Commission bias, when doctors err on the side of doing something — like ordering a prostate biopsy — as opposed to watchful waiting because it seems that doing something is better than a doing nothing.
Usefully, the article notes that for procedures requiring a high degree of technical skill (e.g., open-heart surgery, obstetrics, trauma care), practice indeed makes ‘perfect’, but in other situations, medical evidence trumps experience (e.g., cancer diagnosis and care, managing chronic conditions). Quote:
So what can you do as a patient to receive the best care? Well, maybe nothing if you get admitted on an emergent basis to a teaching hospital during July. But one thing you should always do is ask a lot of questions. It may not always be possible to determine that your doctor has fallen victim to an unconscious thinking trap or that she’s practicing outdated medicine. But asking questions does force your doctor to think and justify decisions about your care.

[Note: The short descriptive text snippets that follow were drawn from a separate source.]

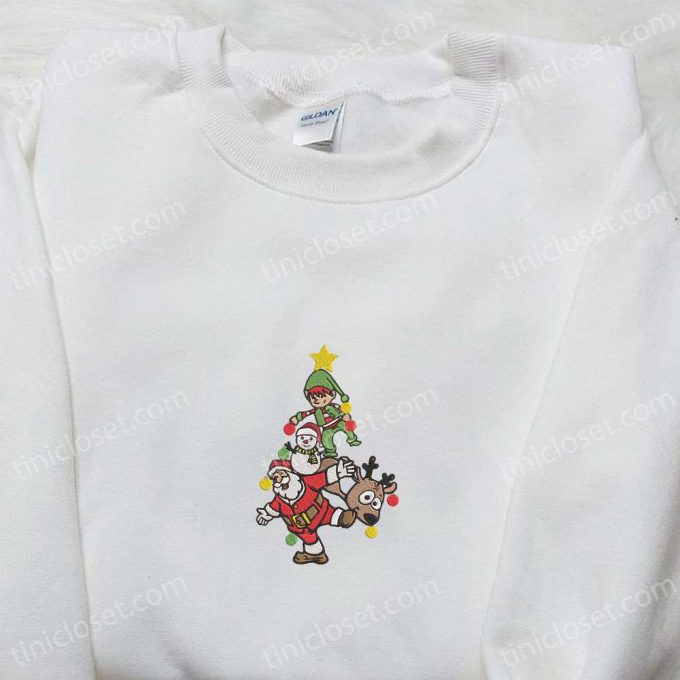 Santa Xmas Embroidered Sweatshirt & Hoodie: Perfect Family Gifts for Christmas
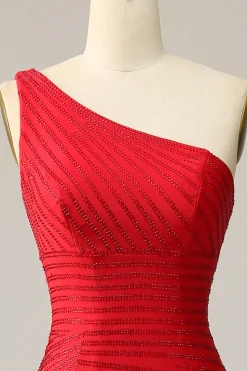 Sereia Um Ombro Vermelho Vestido de Festa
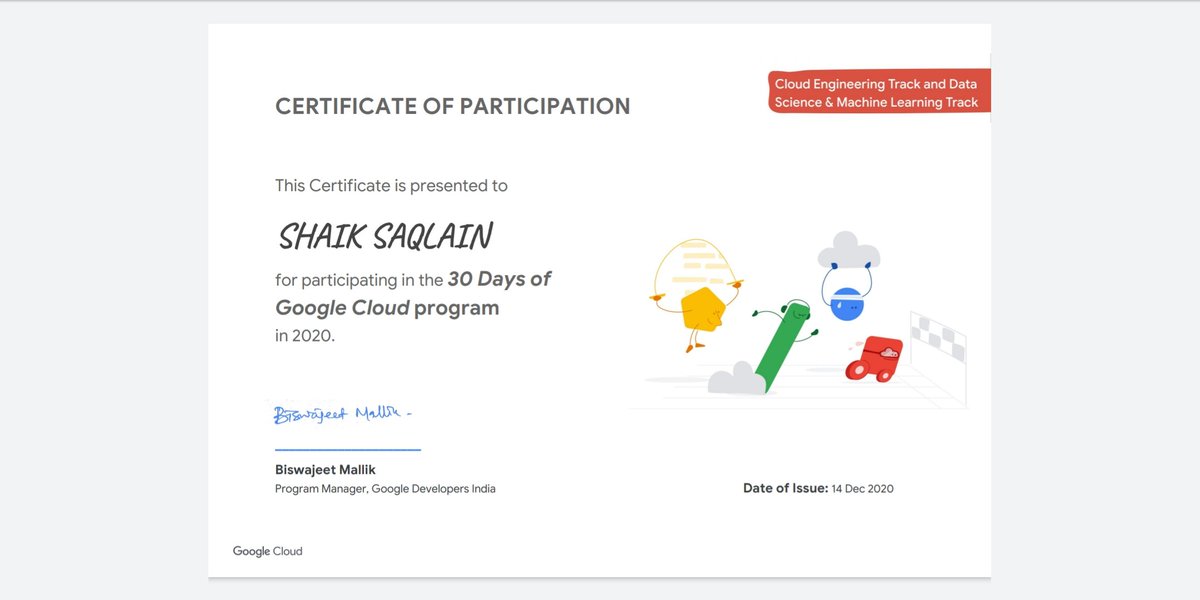 SiriussLucifer's tweet photo. Learnt a lot about google cloud ☁️ 🔥✌🏻.
Many thanks to you #GoogleCloud &amp; #qwiklabs for such a wonderful experience🔥🔥
Just received my certificate of participation upon completion of the #30daysofgooglecloud  program.
#google #qwiklabs #googlecloudplatform #cloudcomputing https://t.co/oiYBCdLZIy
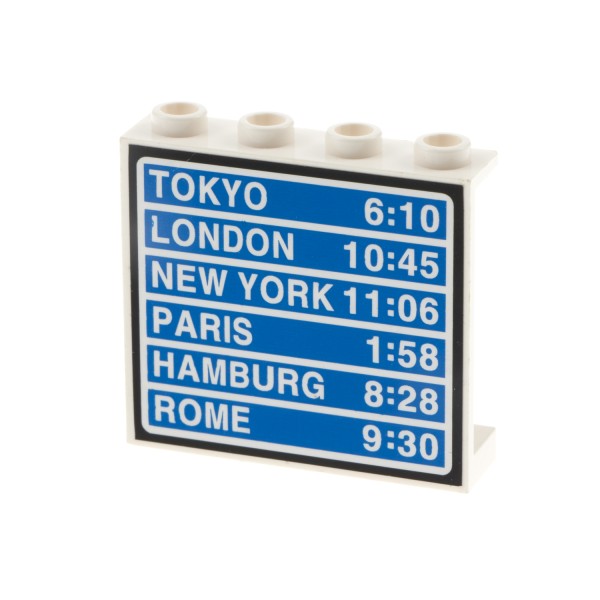 1x Lego Panele weiß 1x4x3 Sticker Flughafen Terminal Abflugzeiten 6597 4215pb031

Secondly, become an informed patient: try to learn as much as you can about your medical issues and what trusted sources recommend as the “right” approach. Even 15 years ago, it was rare for a patient to crack open a medical textbook to question a treatment decision. Now, online resources such asMedlinePlus, provide both up-to-date and easy-to-understand explanations of complex medical care. A good summary of evidence-based medicine can also be found at the Agency for Healthcare Research and Quality’s website.